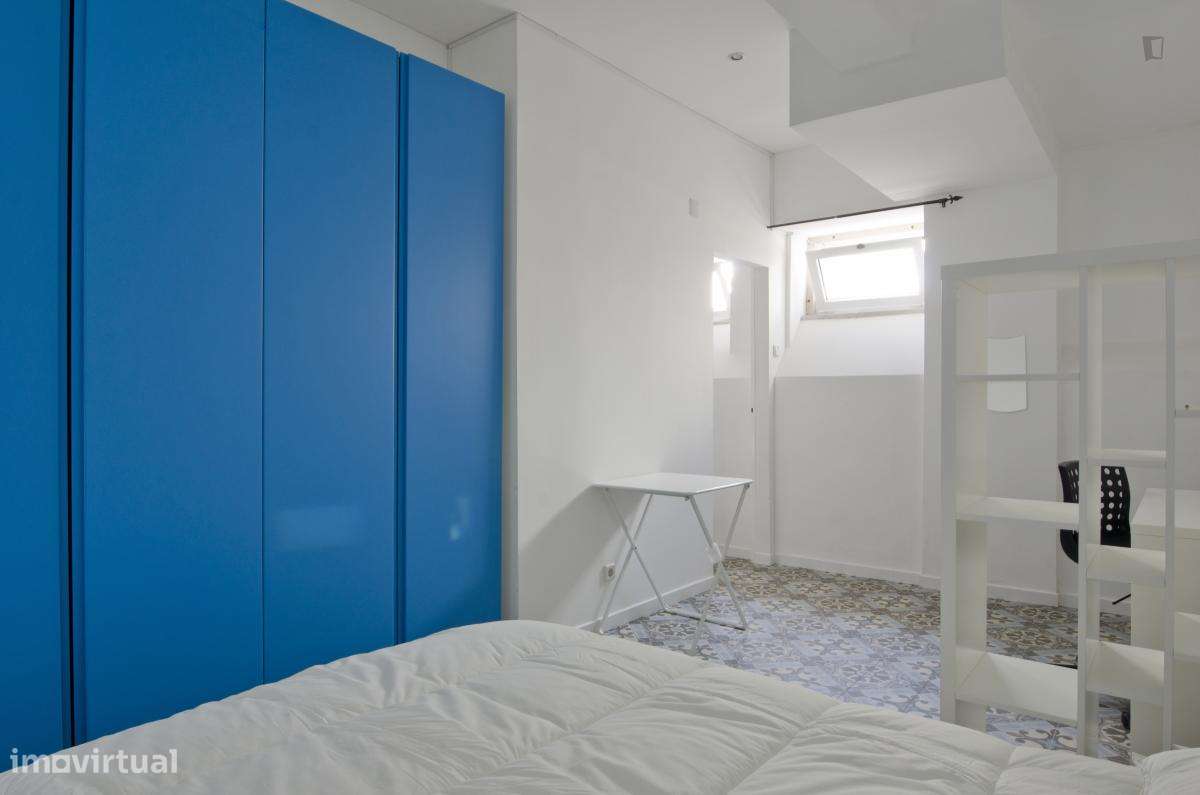 Quarto - localizado em Alvalade Lisbon - Grande imagem: 4/7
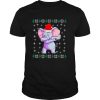 Elephant Christmas Boys Santa Hat Lover Gift shirt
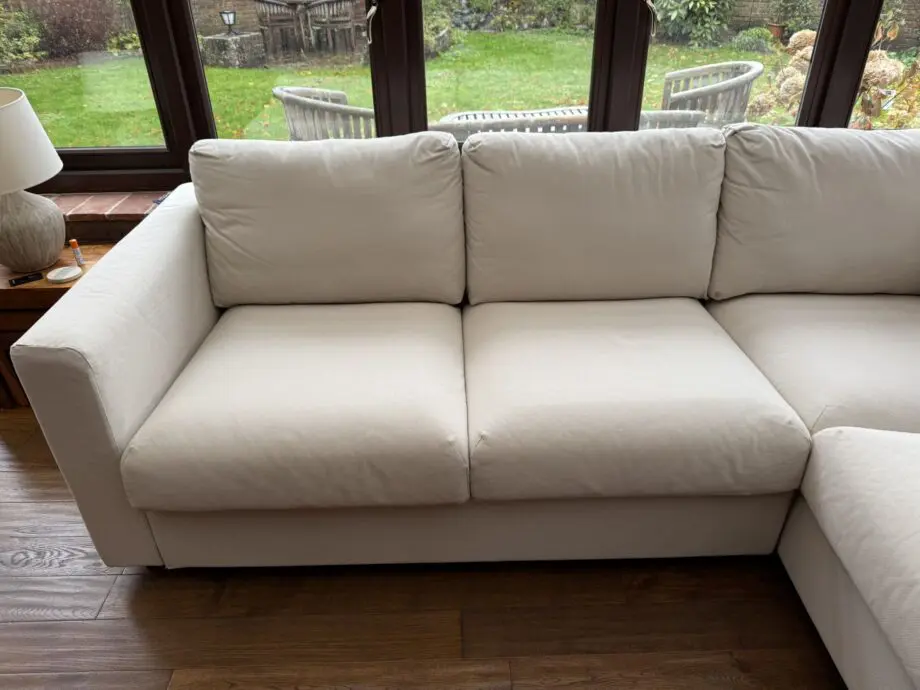 IKEA Vimle 4 Seater Corner Sofa Halarp Beige 2 Years Old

Exercise prompt:
Once the images are dropped, set down the remaining material word for word.

Solution to the problem:
 Quarto - localizado em Alvalade Lisbon - Grande imagem: 4/7
 Elephant Christmas Boys Santa Hat Lover Gift shirt
 IKEA Vimle 4 Seater Corner Sofa Halarp Beige 2 Years Old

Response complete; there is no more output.